Configuration Parameters

  • rank: The dimension of the low-rank adaptation (r). Lower values mean fewer parameters.
  • alpha: Scaling factor for the adaptation. Higher values allow larger updates.
  • ramp_up_steps: Number of steps (T) for the ramp-up function u(t) = min(t/T, 1).
  • target_modules: List of layer names to apply SingLoRA to. Common targets:
    • ["query", "key", "value"] for standard transformers
    • ["q_lin", "k_lin", "v_lin"] for DistilBERT
    • ["q_proj", "k_proj", "v_proj"] for LLaMA models

Parameter Efficiency

SingLoRA significantly reduces the number of trainable parameters compared to full fine-tuning:

# Example parameter counts
original_params = sum(p.numel() for p in original_model.parameters() if p.requires_grad)
singlora_params = sum(p.numel() for p in model.parameters() if p.requires_grad)

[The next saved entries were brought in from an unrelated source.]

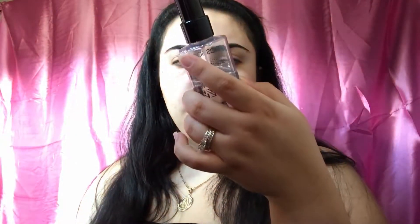For primer, I'm going to use this Smashbox Foto Finish Primer Water, just to get some hydration going into the skin and the face.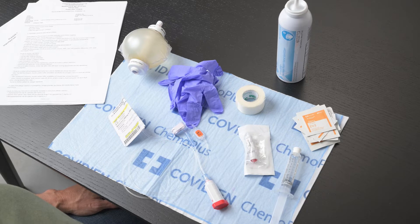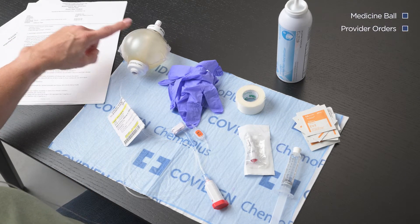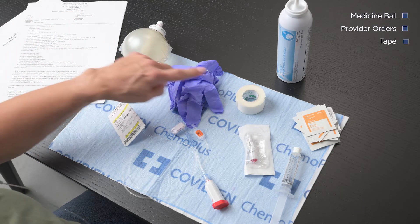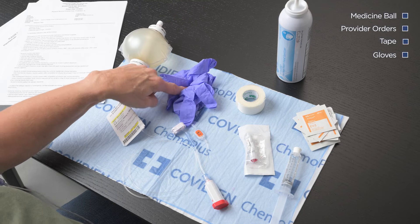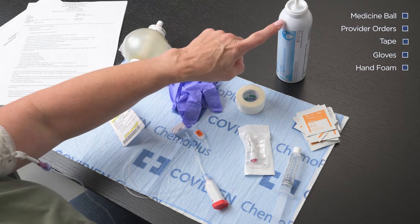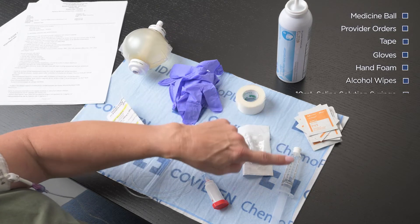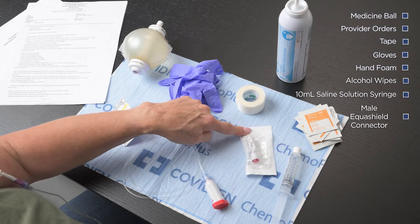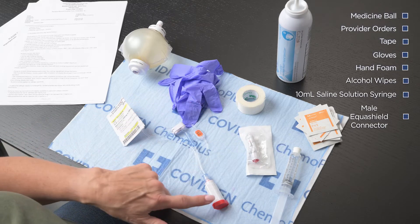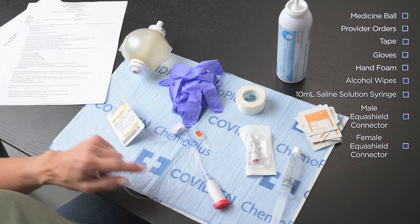Begin by gathering your supplies. For this process you will need your medicine ball, the provider orders, tape, gloves, hand foam, alcohol wipes, a 10-milliliter saline solution syringe, male Equishield connector, and a female Equishield connector which is already attached to the medicine ball.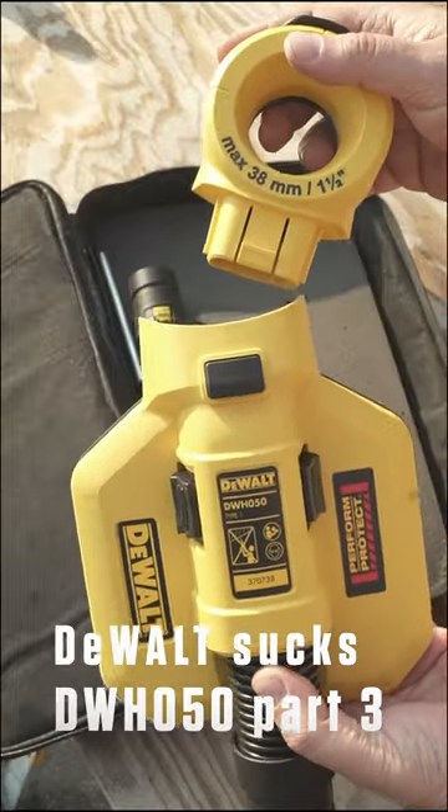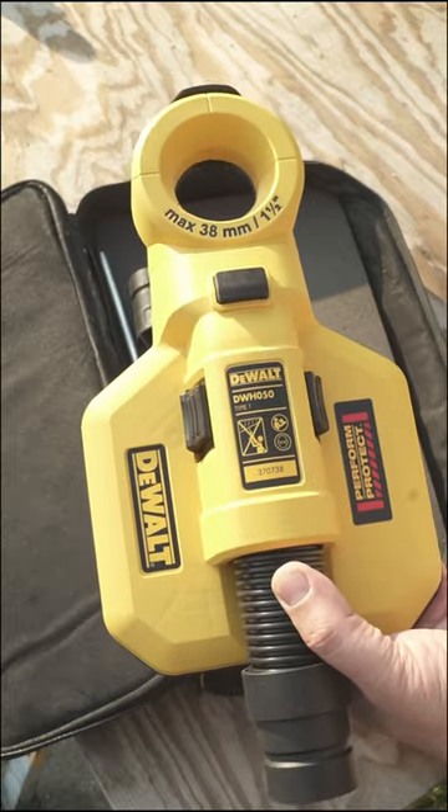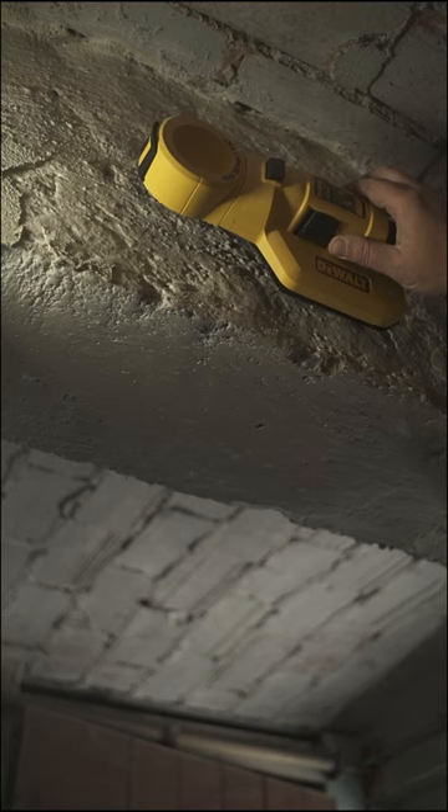Short and sweet video about a pretty handy dust extraction for some serious drilling, in combination with a corded shop vac. So let's witness the sucking power.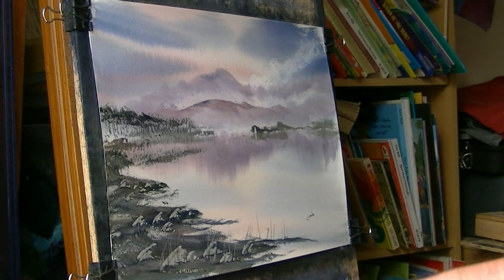And that's another one done - just a simple impression of Buttermere in the English Lake District. I hope you like that, I hope it was worth the wait. Keep practising - any questions, please ask. I'll see you again soon.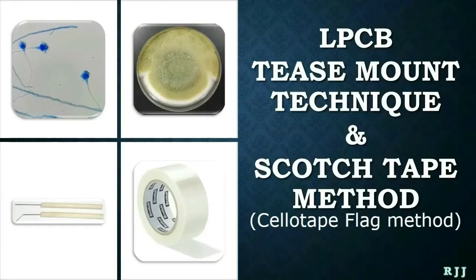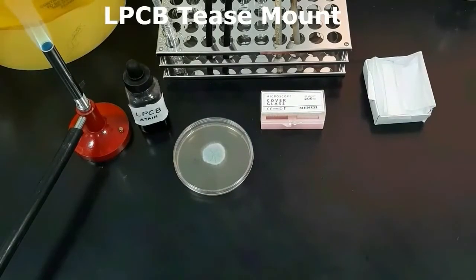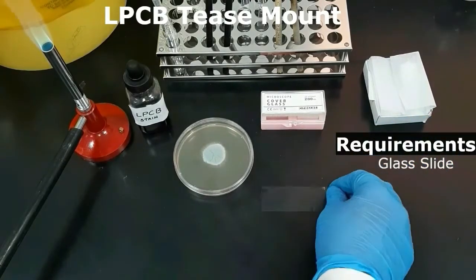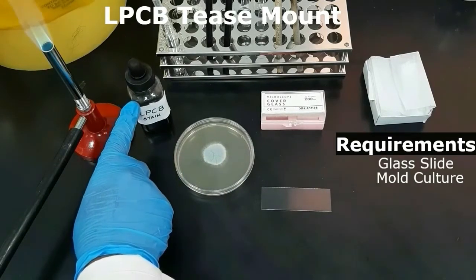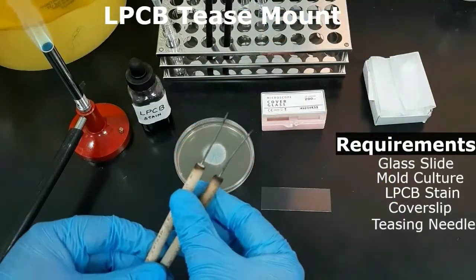In this video I will demonstrate the procedure of lacto phenol cotton blue tease preparation and scotch tape preparation in mycology to examine the fungal structures. First, let's see the requirements needed for the tease method: a good grease-free glass slide, fungal culture plate, lacto phenol cotton blue stain, cover slip, and sterile teasing needles.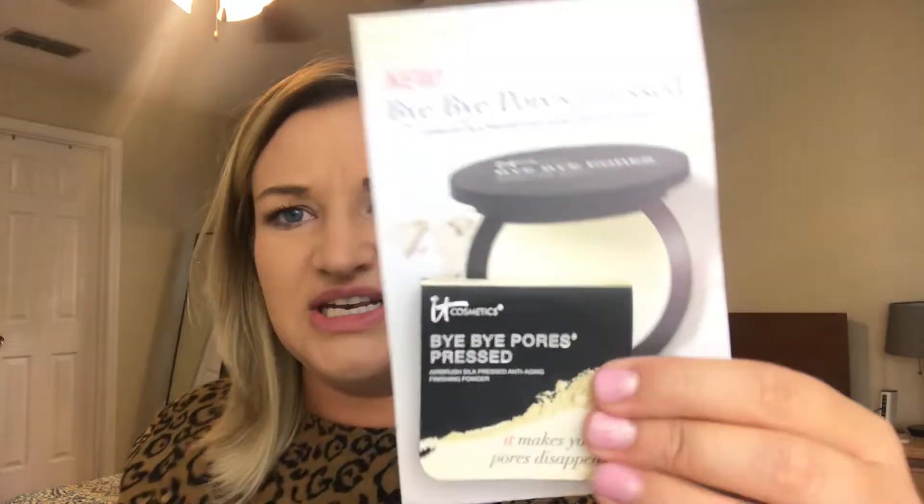The next thing I'm really excited about is the Bye Bye Pores Pressed Airbrush Silk Pressed Anti-Aging Finishing Powder. It's almost a banana shade — it says it's translucent. I've been using it under my eyes to set my concealer and then in my T-zone, and it's been fantastic. I'm excited to keep trying it.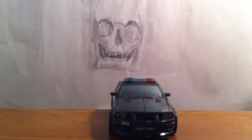Hey guys, it's Transformers337, and I'm here with a review of Transformers Prime 2007 movie Deluxe Class Barricade.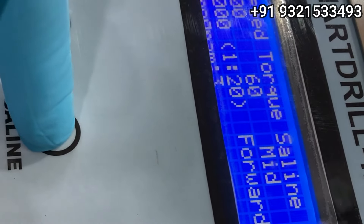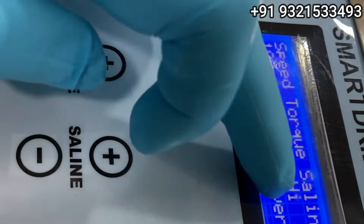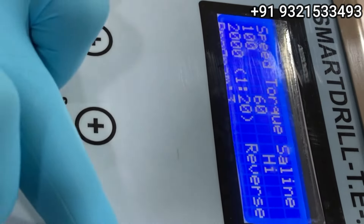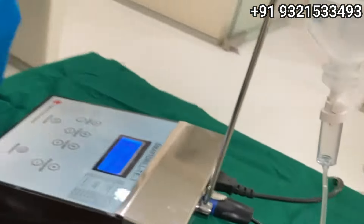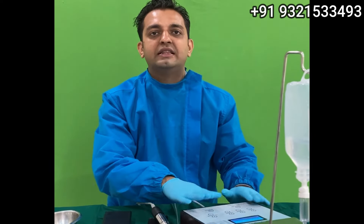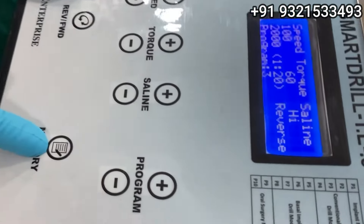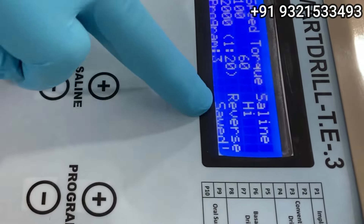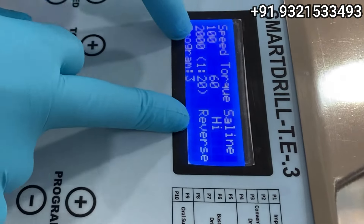You can turn the saline on or off, or set low, mid, or high irrigation settings. You can spin in forward as well as reverse mode. All these programs are preset, but if you want your own customization, you can save 10 custom programs in memory. I press the memory button and you can see it says 'Save' — you can save your own speed and torque settings as required.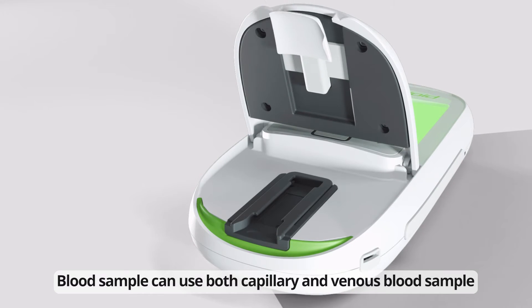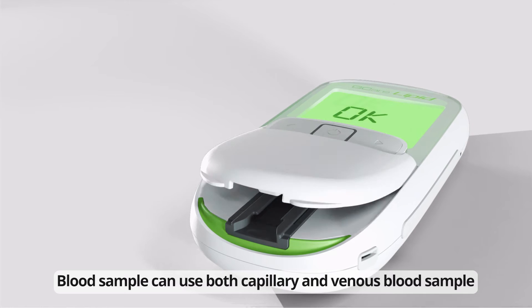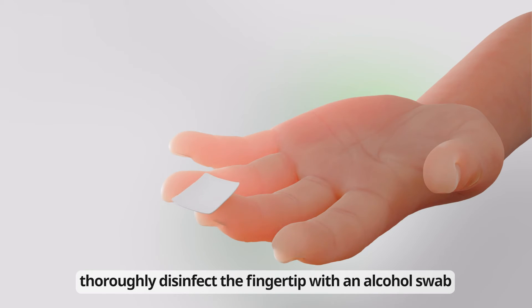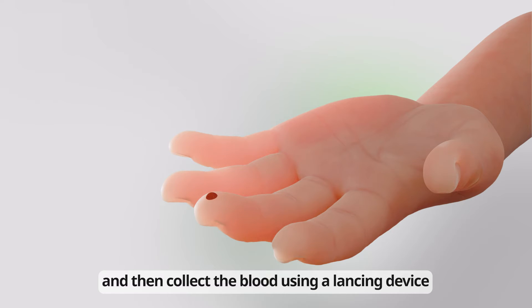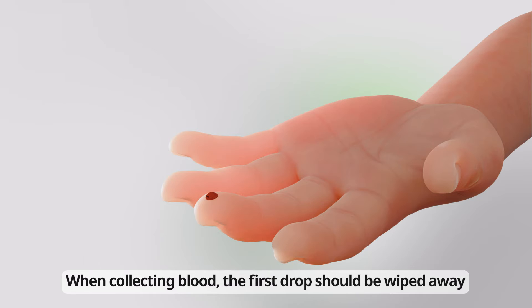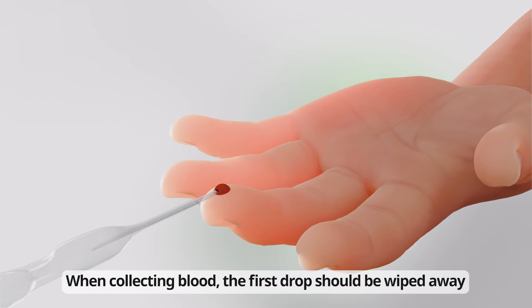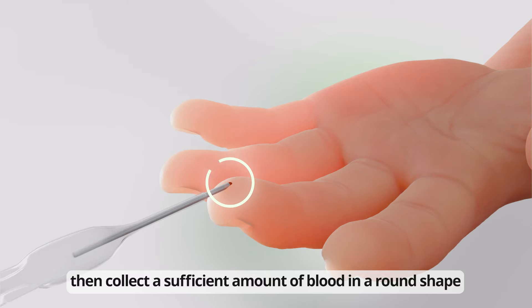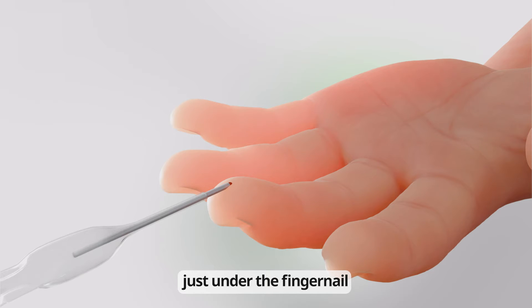Blood samples can use both capillary and venous blood. Before collecting the blood sample, thoroughly disinfect the fingertip with an alcohol swab and then collect the blood using a Lancing Device. When collecting blood, the first drop should be wiped away. Then collect a sufficient amount of blood in a round shape just under the fingernail.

reduction = 100 * (1 - singlora_params / original_params)
print(f"Parameter reduction: {reduction:.2f}%")

For a complete working example, see example.py in the repository.

LLaMA Example

Here's how to apply SingLoRA to LLaMA models:

from singlora import apply_singlora_to_model
from transformers import LlamaForCausalLM, LlamaTokenizer
import torch

# Load LLaMA model and tokenizer
model_name = "meta-llama/Llama-2-7b-hf"  # or your local path
model = LlamaForCausalLM.from_pretrained(
    model_name,
    torch_dtype=torch.float16,  # Use float16 for efficiency
    device_map="auto"           # Automatically handle model placement
)
tokenizer = LlamaTokenizer.from_pretrained(model_name)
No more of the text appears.